"LE BLOG DU Pr JOËL AÏVO"

Développement des moyens de transports

Il était une fois le peuple du rail

mardi 12 février 2008

Arimi CHOUBADE

Rédigé le 12 février 2008

 

Heureusement que Sembène Ousmane ne vit plus et n’est pas citoyen du Bénin du changement sinon les Bouts de Bois de Dieu n’aurait jamais existé. Le célèbre écrivain n’aurait jamais connu ce peuple du rail qui lui a inspiré ce grand classique de la littérature africaine. Parce qu’au Bénin du changement le train ne vit plus, anéanti par la rouille de la démagogique et du clientélisme. Au grand dam de toute cette sociologie de la dorsale ferroviaire qui partage le Bénin de part en part, de la lisière de Parakou jusqu’à Cotonou.

Une dorsale qui a donné naissance à des dizaines et des dizaines de villages. Des milliers de pauvres hères lui devaient la survie depuis des décennies.
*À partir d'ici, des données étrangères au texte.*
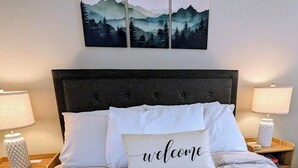 A bed with a 'welcome' pillow, a mountain landscape painting above it, and two bedside lamps on wooden nightstands.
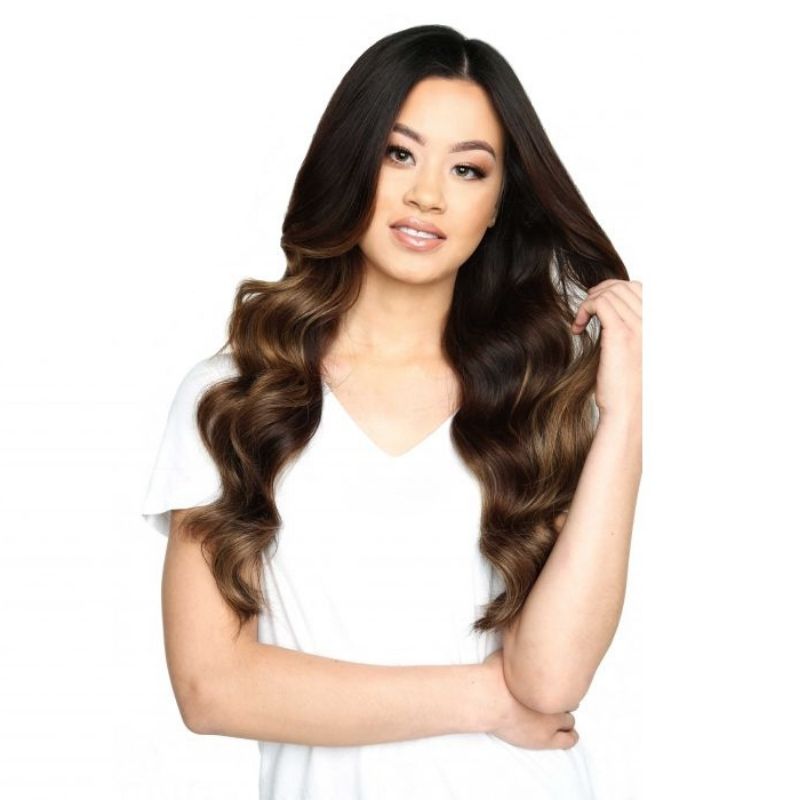 Model wearing Beauty Works 20&quot; Deluxe Remy Instant Clip-In Extensions
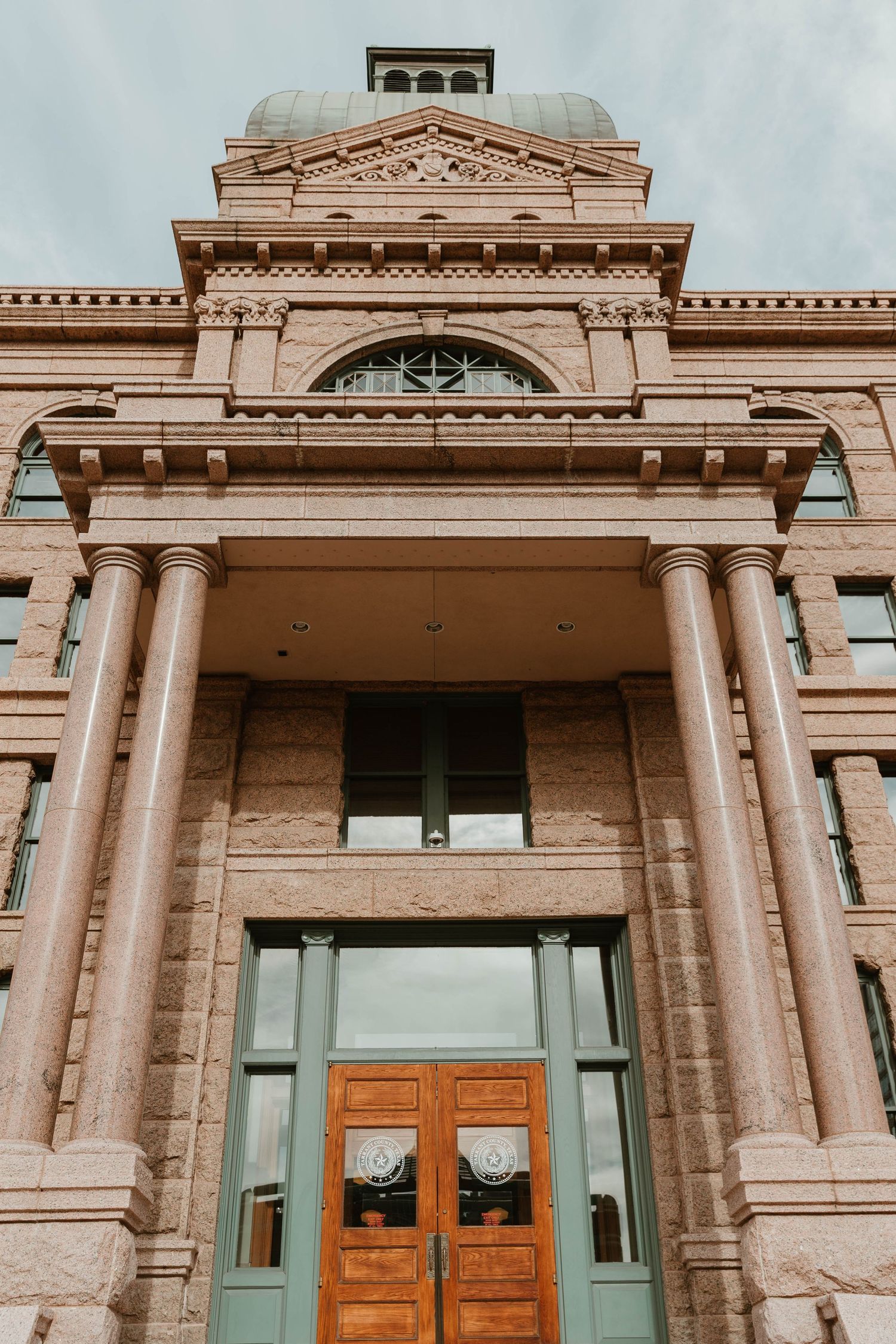 Neoclassical building facade with grand columns and wooden doors.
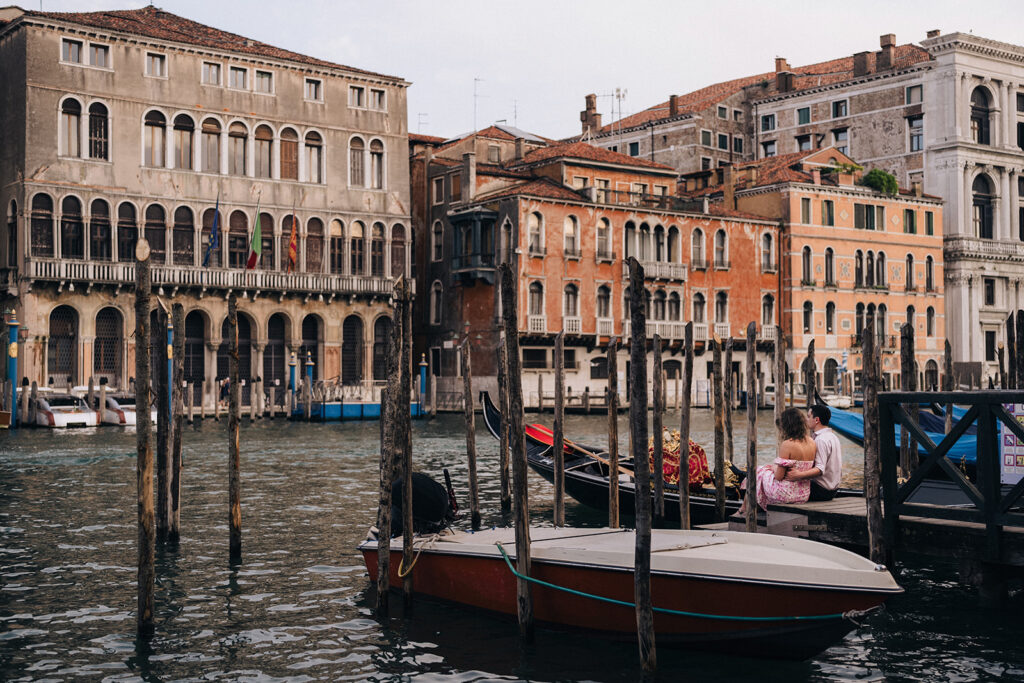 Couple sitting by the gondolas by the Grand Canals in Venezia, Italy. One of the very first city Eugene Kim Photography got to photograph in Europe.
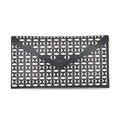 Alaia Clutch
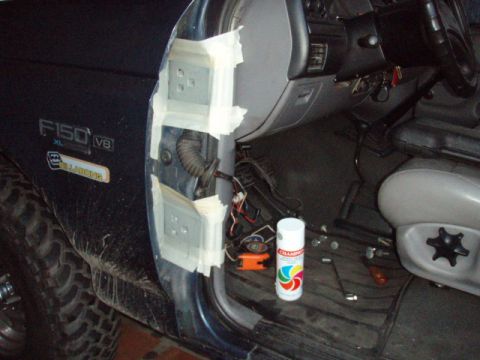 1995 Ford F-150 - The interior of a Ford F-150 shows the door jamb with wiring and a can of spray paint on the floor.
Les Béninois d’une certaine génération connaissent parfaitement ces décors pittoresque qui sortent de la brousse avec pour tout vestige ces baroques coloniales décrépites et vétustes servant de gare. Toute cette économie du rail qui a résisté à toutes les grandes crises sociopolitiques se meurt alors que le Bénin serait aujourd’hui plus proche de l’ « émergence » que de la déprime.

La hausse exponentielle du flux des zémidjans sur les routes urbaines du pays donne une petite idée de ce que devient ce peuple du rail de nos jours. Désoeuvré, oublié, abandonné, livré à l’exode. Il n’a jamais vu les bons amis Indiens qui devraient renforcer le parc de locomotives comme annoncé à l’occasion d’une des visites spectacles du docteur-président sur les ruines de ce qui reste du siège de l’Organisation commune Bénin-Niger (Ocbn). A l’allure où vont les choses, on risque de prévoir des sorties pédagogiques dans des musées avant d’enseigner le train et le rail aux petits écoliers.

Le régime du changement n’est certainement pas responsable de tous les péchés de la béninoiserie. Mais, il est coupable d’exploitation éhontée de la misère collective, et de communication grotesque et démagogique sur l’émergence. La Chine, l’Inde, le Brésil, l’Afrique du Sud et les dragons d’Asie ? Des années lumières du Bénin en matière de politique économique. C’est à eux que les normes internationales établies rapportent le terme d’ « émergent ». Pas à de minuscules chefferies aux régimes idolâtriques dont les commis passent le clair du temps à chanter les louanges du chef plutôt qu’à s’atteler aux grandes orientations de développement.

Comment émerger avec un système de transport aussi archaïque ? Tout le monde sait que d’ici-là, les populations choisiraient le dos d’âne à tous les autres moyens de locomotion entre Bohicon et Cotonou ou pour traverser la riche Vallée de l’Ouémé ou pour joindre entre eux les confins du Couffo. Sans réseau ferroviaire, fluviale et terrestre fiable. D’ailleurs le ministre des Transport s’active à apprendre à marcher aux citoyens à travers des marches de soutien au régime, en prévision certainement de la dégradation imminente, progressive et irréversible des voies encore disponibles. Aucun souci pour le grand chef, ses hélicoptères font bien l’affaire.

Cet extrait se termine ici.